▸ Problem to solve
Please return the lines of the data that contain "with".

▸ Input material
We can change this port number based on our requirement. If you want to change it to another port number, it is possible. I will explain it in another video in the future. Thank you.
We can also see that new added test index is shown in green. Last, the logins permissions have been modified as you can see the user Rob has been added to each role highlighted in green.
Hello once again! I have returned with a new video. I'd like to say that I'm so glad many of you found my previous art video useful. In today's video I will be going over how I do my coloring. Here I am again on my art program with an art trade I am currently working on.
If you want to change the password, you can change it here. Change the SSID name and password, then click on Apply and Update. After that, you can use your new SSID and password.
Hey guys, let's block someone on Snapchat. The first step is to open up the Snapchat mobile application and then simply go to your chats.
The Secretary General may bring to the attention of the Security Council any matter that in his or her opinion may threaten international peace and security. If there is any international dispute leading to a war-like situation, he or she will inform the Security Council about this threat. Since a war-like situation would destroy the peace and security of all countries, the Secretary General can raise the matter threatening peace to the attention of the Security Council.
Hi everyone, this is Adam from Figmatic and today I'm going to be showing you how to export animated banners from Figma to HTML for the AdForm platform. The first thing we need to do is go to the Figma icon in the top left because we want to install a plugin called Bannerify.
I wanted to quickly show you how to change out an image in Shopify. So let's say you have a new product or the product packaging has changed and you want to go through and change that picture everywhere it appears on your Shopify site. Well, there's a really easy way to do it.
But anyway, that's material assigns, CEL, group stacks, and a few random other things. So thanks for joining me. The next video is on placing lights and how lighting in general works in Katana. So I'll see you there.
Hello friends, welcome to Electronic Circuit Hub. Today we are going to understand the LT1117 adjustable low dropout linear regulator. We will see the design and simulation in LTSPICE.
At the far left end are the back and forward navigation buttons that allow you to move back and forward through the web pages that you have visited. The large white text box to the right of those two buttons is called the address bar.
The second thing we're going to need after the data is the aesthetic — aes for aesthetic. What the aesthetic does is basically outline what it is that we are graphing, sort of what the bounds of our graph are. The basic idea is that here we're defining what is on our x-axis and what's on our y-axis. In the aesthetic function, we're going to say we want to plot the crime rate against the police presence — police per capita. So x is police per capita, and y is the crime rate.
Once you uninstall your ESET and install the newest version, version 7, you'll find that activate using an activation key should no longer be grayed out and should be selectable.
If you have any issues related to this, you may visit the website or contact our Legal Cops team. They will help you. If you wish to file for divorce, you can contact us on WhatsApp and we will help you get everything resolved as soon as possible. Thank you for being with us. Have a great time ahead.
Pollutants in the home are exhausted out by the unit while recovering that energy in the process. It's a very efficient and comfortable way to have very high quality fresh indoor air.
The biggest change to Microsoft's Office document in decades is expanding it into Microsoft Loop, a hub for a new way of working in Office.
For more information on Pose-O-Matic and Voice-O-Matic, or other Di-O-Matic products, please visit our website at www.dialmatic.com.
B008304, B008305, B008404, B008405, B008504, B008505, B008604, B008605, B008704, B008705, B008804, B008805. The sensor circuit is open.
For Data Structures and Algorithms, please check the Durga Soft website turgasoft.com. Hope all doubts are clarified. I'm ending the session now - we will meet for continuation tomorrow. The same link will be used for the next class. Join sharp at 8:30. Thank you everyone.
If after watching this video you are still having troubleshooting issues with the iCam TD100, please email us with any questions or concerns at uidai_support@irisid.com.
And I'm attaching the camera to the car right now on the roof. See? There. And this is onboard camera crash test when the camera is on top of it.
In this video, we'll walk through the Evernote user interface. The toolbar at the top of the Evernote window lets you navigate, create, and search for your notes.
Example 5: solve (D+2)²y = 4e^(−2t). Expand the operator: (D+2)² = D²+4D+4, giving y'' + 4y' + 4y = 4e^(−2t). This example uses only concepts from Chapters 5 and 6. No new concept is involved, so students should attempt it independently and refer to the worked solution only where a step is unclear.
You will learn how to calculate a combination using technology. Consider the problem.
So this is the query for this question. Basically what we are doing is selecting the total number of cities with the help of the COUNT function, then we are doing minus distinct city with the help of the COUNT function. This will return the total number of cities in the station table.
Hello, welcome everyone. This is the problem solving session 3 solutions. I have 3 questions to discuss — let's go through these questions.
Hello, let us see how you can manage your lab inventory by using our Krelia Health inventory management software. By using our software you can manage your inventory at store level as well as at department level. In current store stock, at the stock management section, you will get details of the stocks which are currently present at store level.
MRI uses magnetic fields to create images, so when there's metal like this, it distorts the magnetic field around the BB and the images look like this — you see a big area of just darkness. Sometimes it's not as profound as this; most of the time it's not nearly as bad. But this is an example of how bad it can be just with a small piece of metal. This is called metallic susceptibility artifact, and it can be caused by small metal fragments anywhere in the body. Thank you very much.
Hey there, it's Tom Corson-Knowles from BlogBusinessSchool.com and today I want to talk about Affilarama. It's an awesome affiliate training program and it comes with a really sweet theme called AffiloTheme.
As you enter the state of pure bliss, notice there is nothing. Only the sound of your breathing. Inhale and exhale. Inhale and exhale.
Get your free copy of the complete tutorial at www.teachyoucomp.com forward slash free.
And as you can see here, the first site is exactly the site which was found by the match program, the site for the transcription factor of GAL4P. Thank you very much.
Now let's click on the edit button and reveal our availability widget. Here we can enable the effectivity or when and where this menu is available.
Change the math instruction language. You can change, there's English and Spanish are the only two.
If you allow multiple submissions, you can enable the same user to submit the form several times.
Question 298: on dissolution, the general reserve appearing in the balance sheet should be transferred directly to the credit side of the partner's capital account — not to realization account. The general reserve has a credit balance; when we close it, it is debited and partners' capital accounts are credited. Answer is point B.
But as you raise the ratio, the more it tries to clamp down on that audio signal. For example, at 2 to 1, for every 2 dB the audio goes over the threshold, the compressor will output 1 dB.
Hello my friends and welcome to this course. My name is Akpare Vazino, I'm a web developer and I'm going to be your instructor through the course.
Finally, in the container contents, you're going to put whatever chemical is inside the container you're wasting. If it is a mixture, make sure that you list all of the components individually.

▸ Response
Hello once again! I have returned with a new video. I'd like to say that I'm so glad many of you found my previous art video useful. In today's video I will be going over how I do my coloring. Here I am again on my art program with an art trade I am currently working on.
If you have any issues related to this, you may visit the website or contact our Legal Cops team. They will help you. If you wish to file for divorce, you can contact us on WhatsApp and we will help you get everything resolved as soon as possible. Thank you for being with us. Have a great time ahead.
If after watching this video you are still having troubleshooting issues with the iCam TD100, please email us with any questions or concerns at uidai_support@irisid.com.
So this is the query for this question. Basically what we are doing is selecting the total number of cities with the help of the COUNT function, then we are doing minus distinct city with the help of the COUNT function. This will return the total number of cities in the station table.
MRI uses magnetic fields to create images, so when there's metal like this, it distorts the magnetic field around the BB and the images look like this — you see a big area of just darkness. Sometimes it's not as profound as this; most of the time it's not nearly as bad. But this is an example of how bad it can be just with a small piece of metal. This is called metallic susceptibility artifact, and it can be caused by small metal fragments anywhere in the body. Thank you very much.
Hey there, it's Tom Corson-Knowles from BlogBusinessSchool.com and today I want to talk about Affilarama. It's an awesome affiliate training program and it comes with a really sweet theme called AffiloTheme.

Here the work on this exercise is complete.